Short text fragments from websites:
◆ ◆ ◆

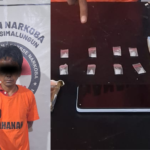 Pelakun dan Barang Bukti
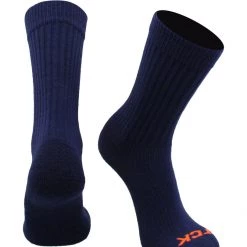 TCK Multisport Reacs Crew Socks - Super Soft Acrylic Football Basketball Volleyball Basketball Socks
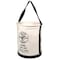 Klein Tools Bucket Bag, Black, Canvas, 1 Pockets 5109P - alternate 3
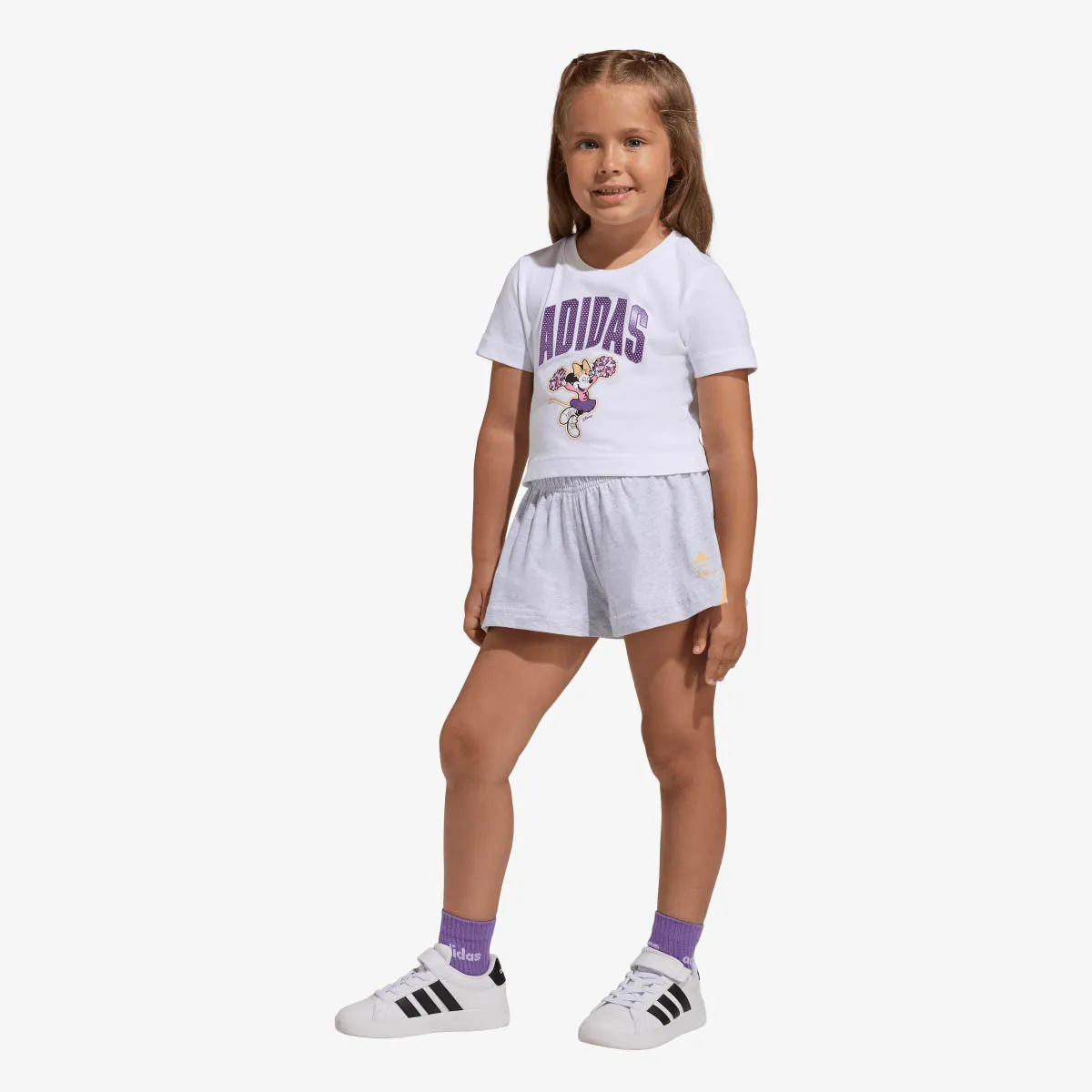 ADIDAS Set LG DY MI T SET 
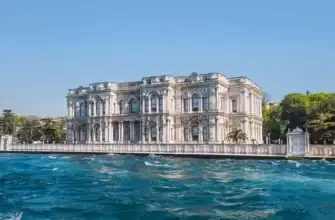 ТОП элитных мест для отдыха в Турции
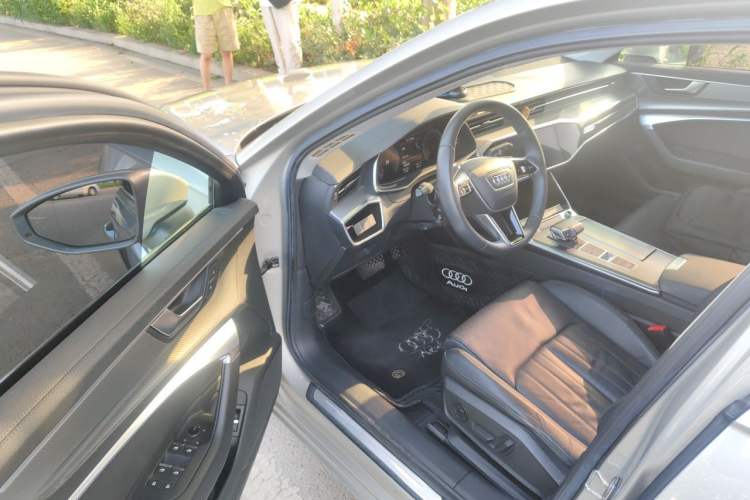 Used Audi A6L 2019 45 TFSI quattro Prestige Elegant Edition Driver Seat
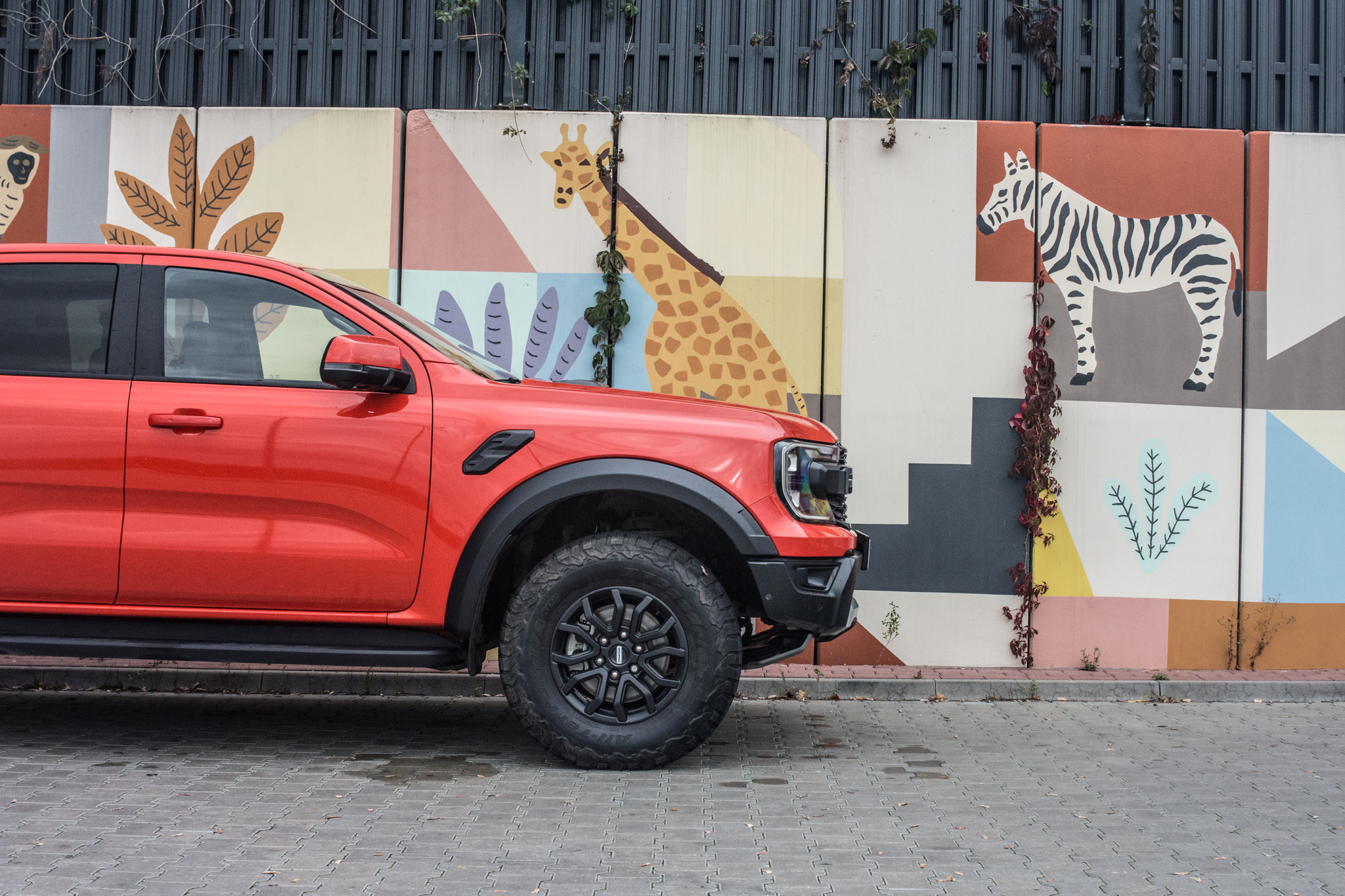 test Ford Ranger Raptor, test ranger raptor 3.0 V6, Ford Ranger Raptor, Ford Ranger Raptor 3.0 EcoBoost V6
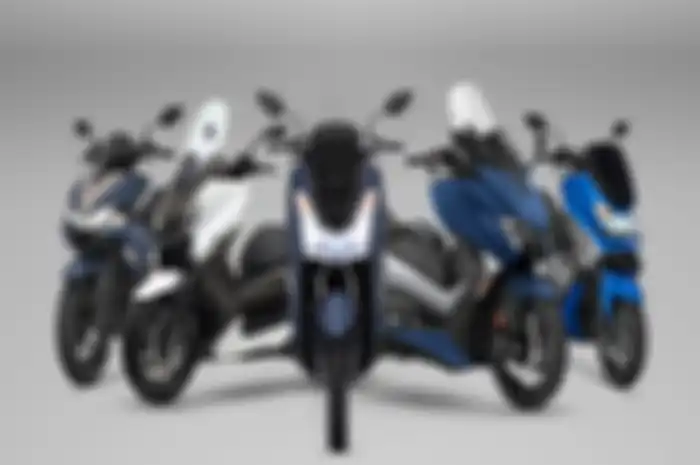Intip harga Yamaha NMAX dan MAXI lainnya September 2020, Lexi cuma segini bro!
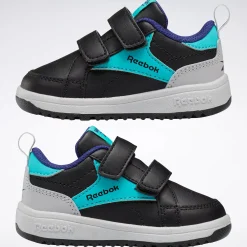 Big Kids' Shoes (Sizes 3.5-7)|Reebok Big Kids' Shoes (Sizes 3.5-7) Weebok Clasp Low Shoes - Toddler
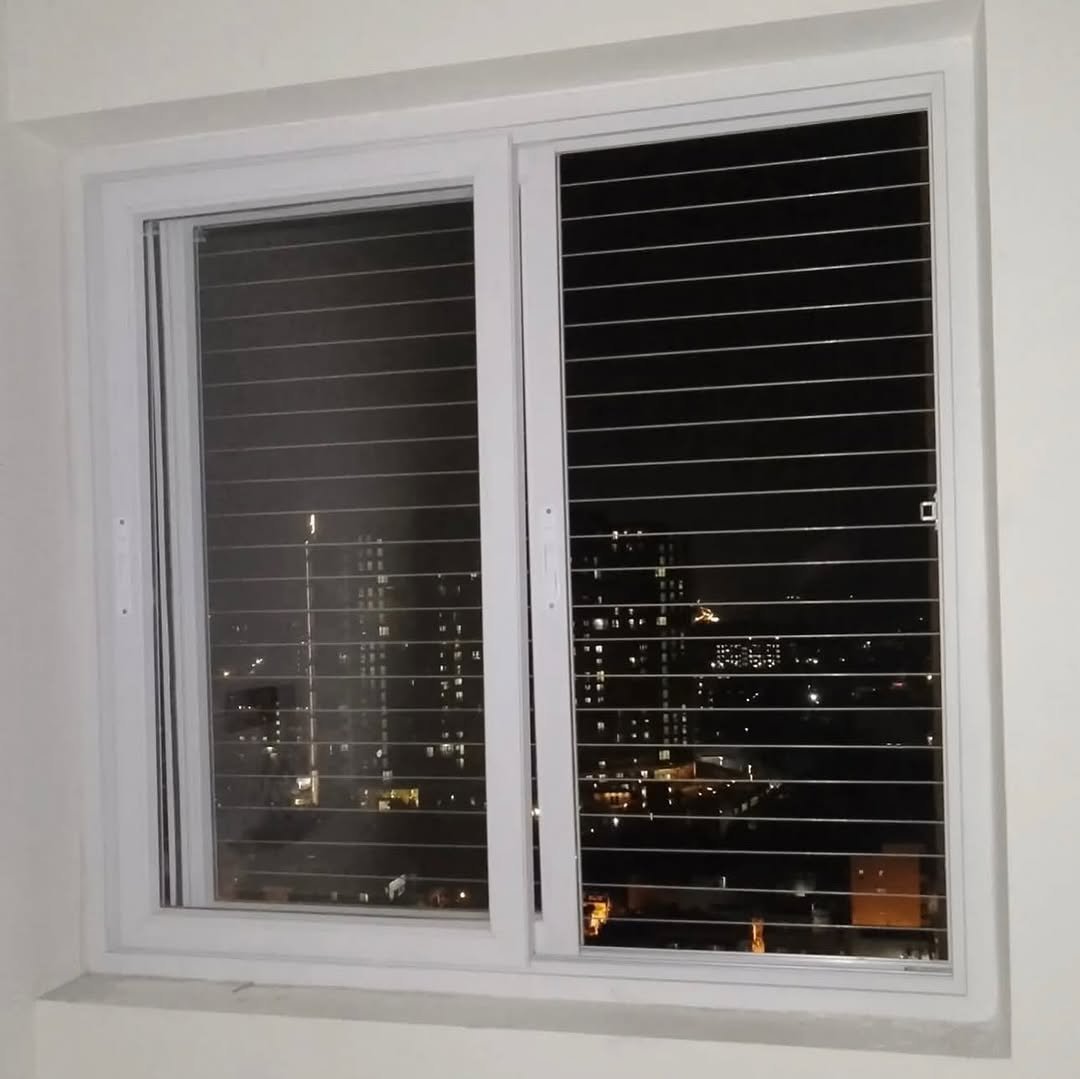 Invisible Grill for Windows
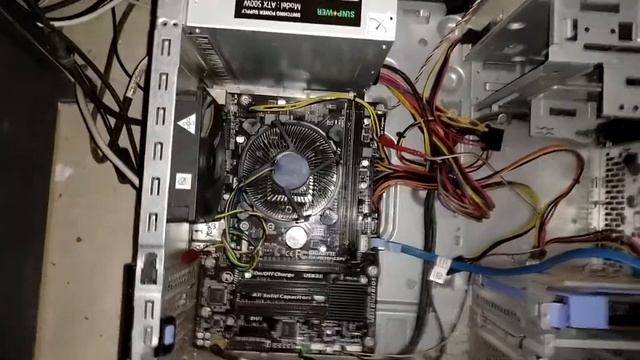 No Bootable Device is detected | System will enter the BIOS Setup utility | Solve Bootable Device смотреть онлайн
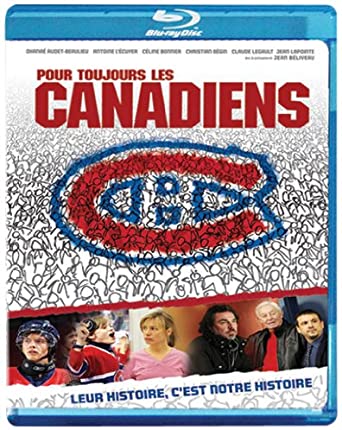 Forever Canadians - Blu-Ray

◆ ◆ ◆

◆ WORK TO COMPLETE:
Nothing but the lines from the one containing "Klein Tools Bucket" through the final line of the entries above should be given again, each exactly as written; omit the pictures.

◆ RESPONSE AREA:
 Klein Tools Bucket Bag, Black, Canvas, 1 Pockets 5109P - alternate 3
 ADIDAS Set LG DY MI T SET 
 ТОП элитных мест для отдыха в Турции
 Used Audi A6L 2019 45 TFSI quattro Prestige Elegant Edition Driver Seat
 test Ford Ranger Raptor, test ranger raptor 3.0 V6, Ford Ranger Raptor, Ford Ranger Raptor 3.0 EcoBoost V6
Intip harga Yamaha NMAX dan MAXI lainnya September 2020, Lexi cuma segini bro!
 Big Kids' Shoes (Sizes 3.5-7)|Reebok Big Kids' Shoes (Sizes 3.5-7) Weebok Clasp Low Shoes - Toddler
 Invisible Grill for Windows
 No Bootable Device is detected | System will enter the BIOS Setup utility | Solve Bootable Device смотреть онлайн
 Forever Canadians - Blu-Ray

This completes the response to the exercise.